If I hadn’t gotten any grades that day, I’d just get away with “nothing special” or, if I was in the mood for talking, I’d just chat away about random things that had happened. If I had had any papers due and had received some grades and if at least one of them was less than an “A”, the first question was almost invariably followed by the second one: “What did Aurora get?”. Almost every time Aurora had got a better grade than I. Sometimes a little better, other times a lot better. If I had gotten a hard won “B” on a really tough subject, she would have gotten a perfect “A”. I count by the fingers of my hand the glorious and euphoric times when, by some miracle, I managed to get an “A” in English and Aurora had a really bad day and would get a “B”. On those days, that were like rare diamonds, I’d get home and not wait for the second question. I’d not wait for the first one either. I’d just come in and shout from the door: “Today I got an “A” and Aurora got a “B”!”
Those were the days when I felt better, more important, more competent and in which the future seemed brighter than on any other day. On those days I could be sure that nobody would tell me how I needed to “work hard”, “perform”, “persevere”, “be the best because life is a struggle” or “not settle for mediocrity”. On those days of temporary glory, my cup of self-esteem was full. Aurora was like my personal Everest. If I managed to conquer her even for a day, I felt on the top of the world. Unfortunately, the next day I’d wake up back at the foot of the mountain with no guarantees that I would ever again make it to the top. And, as the years went by, this Everest grew ever taller and more difficult to climb.
In my home country (Romania), kids start going to local and national competitions in different subjects around sixth grade. There are competitions in math, physics, chemistry, English – or anything else you can imagine. For perfectionistic and highly competitive kids like I used to be, these competitions are just another battleground. I was 12 years old – when Aurora and I went to our first regional physics competition, with kids from many other schools. She got a top prize. I got a “special mention” and felt proud of it – at least I hadn’t embarrassed myself. The following year there was no point in competing, as she had taken physics seriously and won a place in the national competition and I convinced myself that I liked math better, simply because Aurora didn’t have time for that competition too.

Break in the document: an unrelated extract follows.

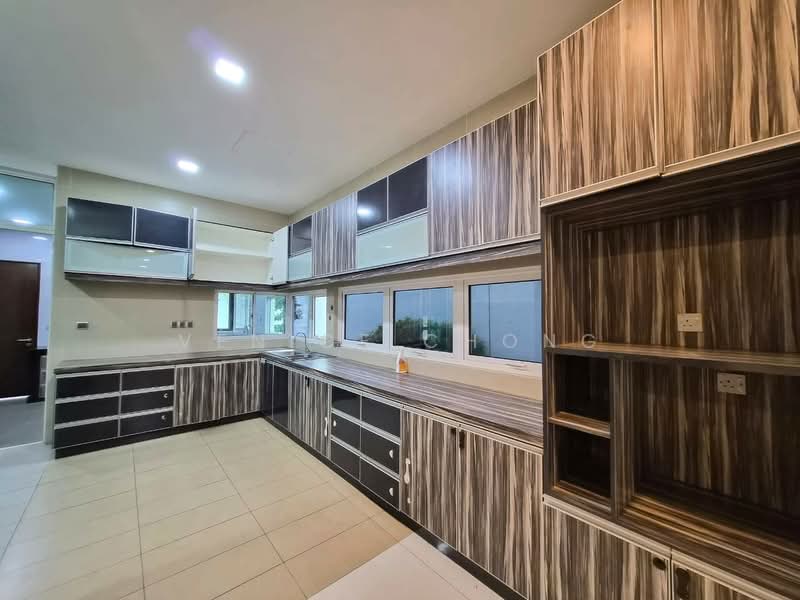 Semi-Detached House for Sale in Bandar Kinrara Seksyen 1 (Bandar Kinrara) - Venice Chong - PropertyGuru.com.my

Our math teacher, who found himself abandoned by his favourite student, had to settle for me as a second option and put all his hopes in my potential to get a prize in the math “Nationals” – a competition that lasted a week or so and brought together the brightest kids in the country. He convinced himself (and my parents) that, if I would work hard enough, I’d accomplish great things that would be the glory of our school and home town. I struggled, for some years afterwards, never being quite good enough to get past the regional competition. When I finally qualified for the long sought after “nationals” I didn’t manage to get any prize at that level. Still, I enjoyed spending a week with kids from all over the country, many of them smarter than myself and all of them definitely more passionate about math than I was. Those were the kind of kids who’d solve math problems for fun, while I would have happily thrown out all the math quizzes in the world in exchange for a good book that I could read by the flashlight, snuggled under the covers, long after bed time. All the while, Aurora had won the Nationals and qualified in the International Physics Olympics, with kids from all over the world and on the road to being admitted at a prestigious university abroad. And while all of these things were happening, we were struggling to get straight A’s in all other subjects in school day in and day out. Actually, I was struggling. She just seemed to be perfect. All the time. And I was always missing a few points to get to perfection.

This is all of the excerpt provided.